> [EXERCISE REQUIREMENTS]:
Output all the data exactly. Pictures do not belong in the copy.

> [MATERIAL FOR THIS TASK]:
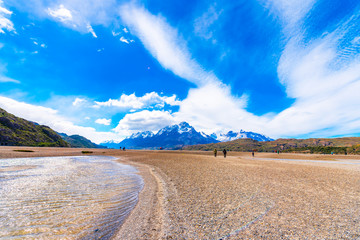 Lake Pehoe, Torres del Paine National Park, Patagonia, Chile, South America. Copy space for text.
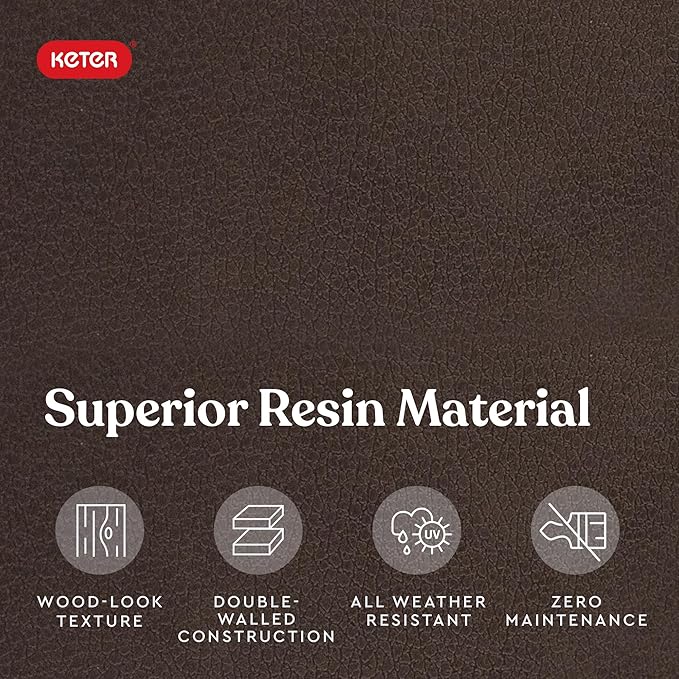 Keter City 30 Gallon Resin Outdoor Storage Box and Patio Furniture Side Table for Pool and Garden Accessories, Brown-VerdiqueGarden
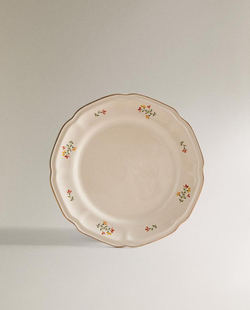 ZARA HOME ФАРФОРОВАЯ ДЕСЕРТНАЯ ТАРЕЛКА С УЗОРОМ, КРЕМОВЫЙ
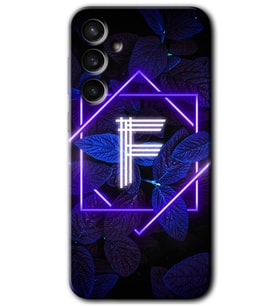 Galaxy S23 FE Kılıf HD Desen Baskılı Arka Kapak - Dark Neon Yaprak F Harfi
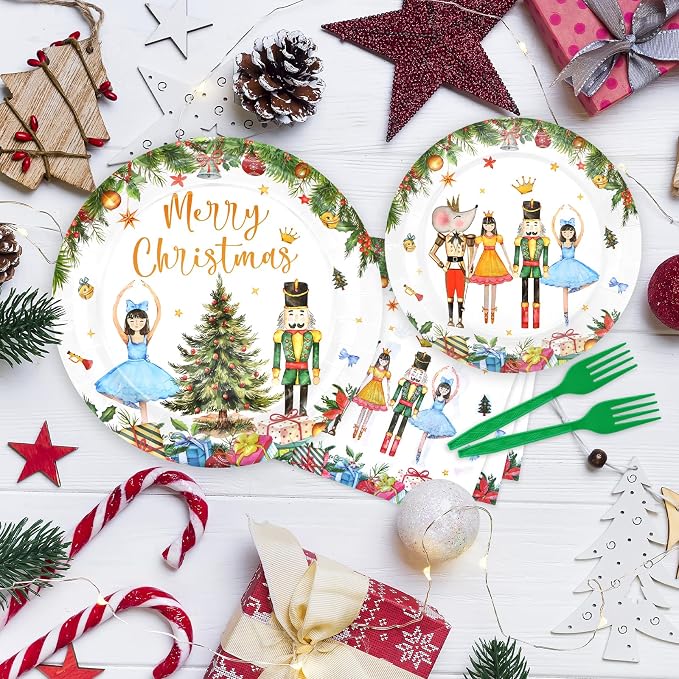 96 Pieces Christmas Ballet Party Tableware Set – Festive Disposable Dinnerware - Image 4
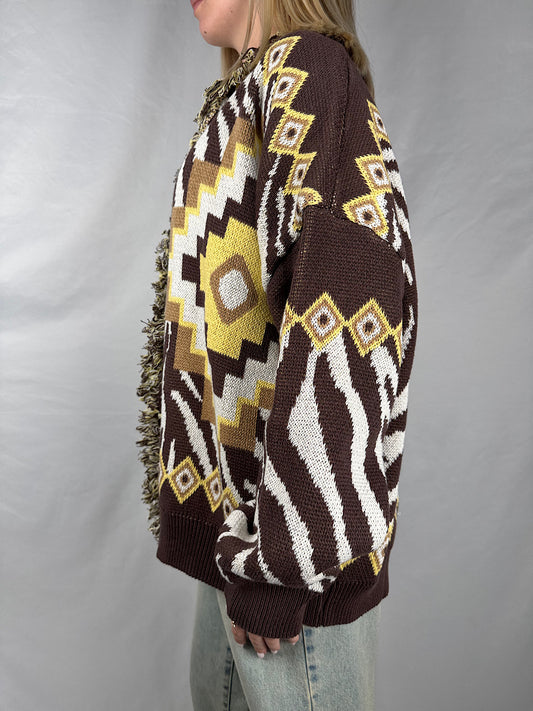 Cardigan Zebrato Marrone Tensione-In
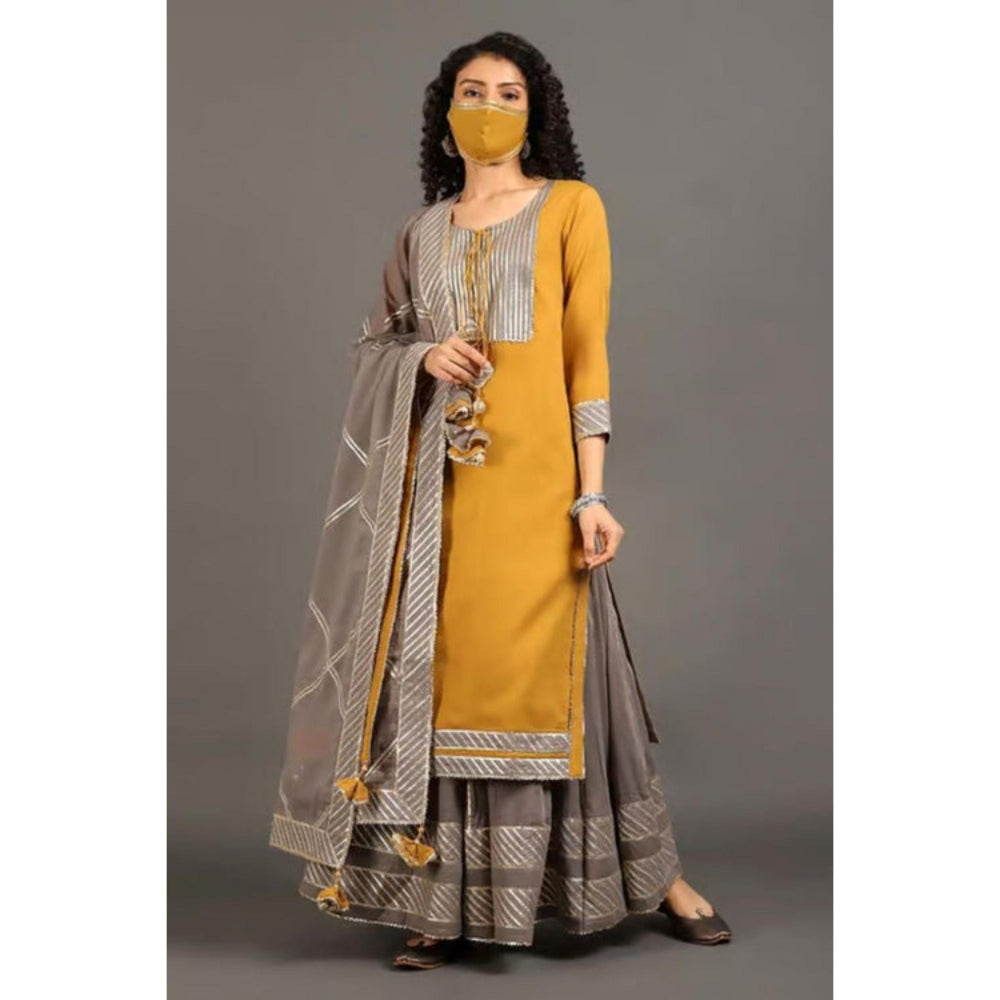 OMAANA Women Mulmul Yellow Kurta with Skirt and Dupatta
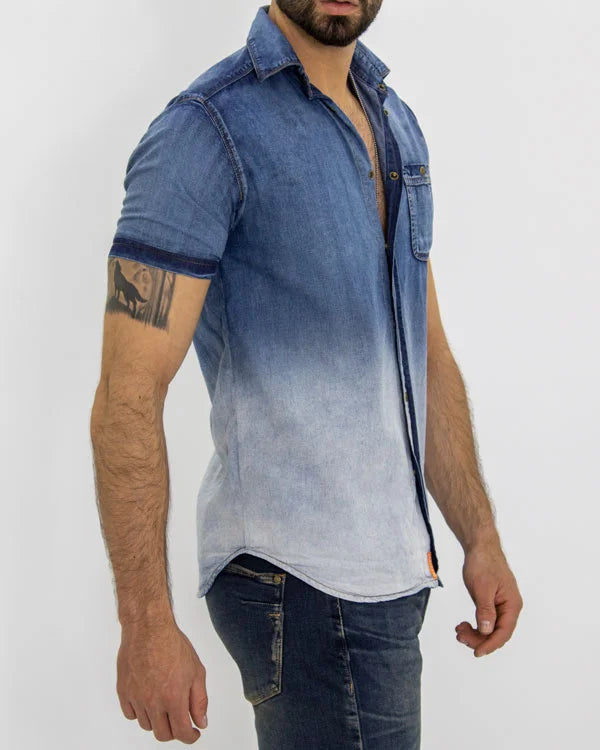 SlimFit Degraded Short Sleeve Jean Shirt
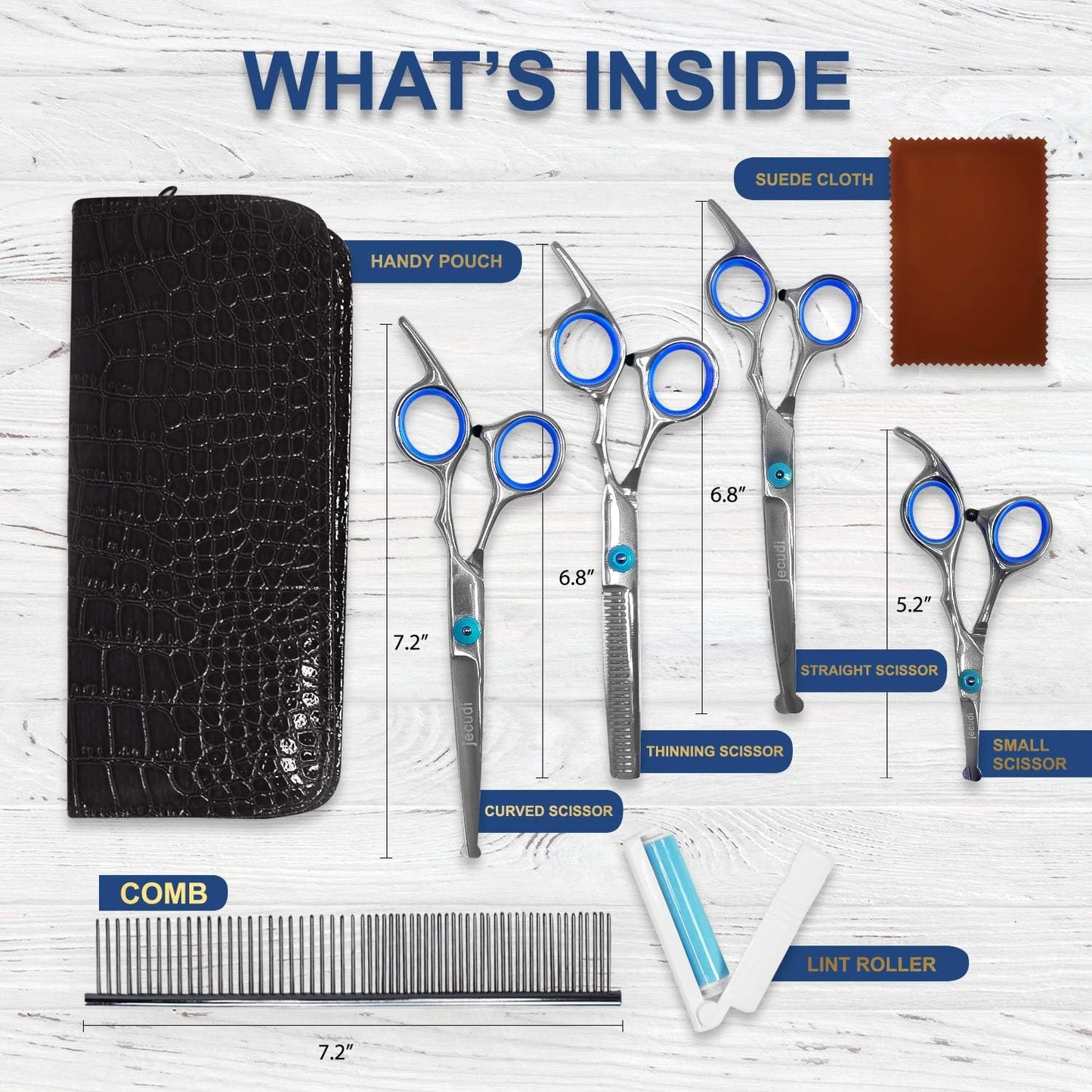 Dog Grooming Scissors Kit 7 In 1 With Safety Round Tips Comb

> [OUTPUT BELOW]:
 Lake Pehoe, Torres del Paine National Park, Patagonia, Chile, South America. Copy space for text.
 Keter City 30 Gallon Resin Outdoor Storage Box and Patio Furniture Side Table for Pool and Garden Accessories, Brown-VerdiqueGarden
 ZARA HOME ФАРФОРОВАЯ ДЕСЕРТНАЯ ТАРЕЛКА С УЗОРОМ, КРЕМОВЫЙ
 Galaxy S23 FE Kılıf HD Desen Baskılı Arka Kapak - Dark Neon Yaprak F Harfi
 96 Pieces Christmas Ballet Party Tableware Set – Festive Disposable Dinnerware - Image 4
 Cardigan Zebrato Marrone Tensione-In
 OMAANA Women Mulmul Yellow Kurta with Skirt and Dupatta
 SlimFit Degraded Short Sleeve Jean Shirt
 Dog Grooming Scissors Kit 7 In 1 With Safety Round Tips Comb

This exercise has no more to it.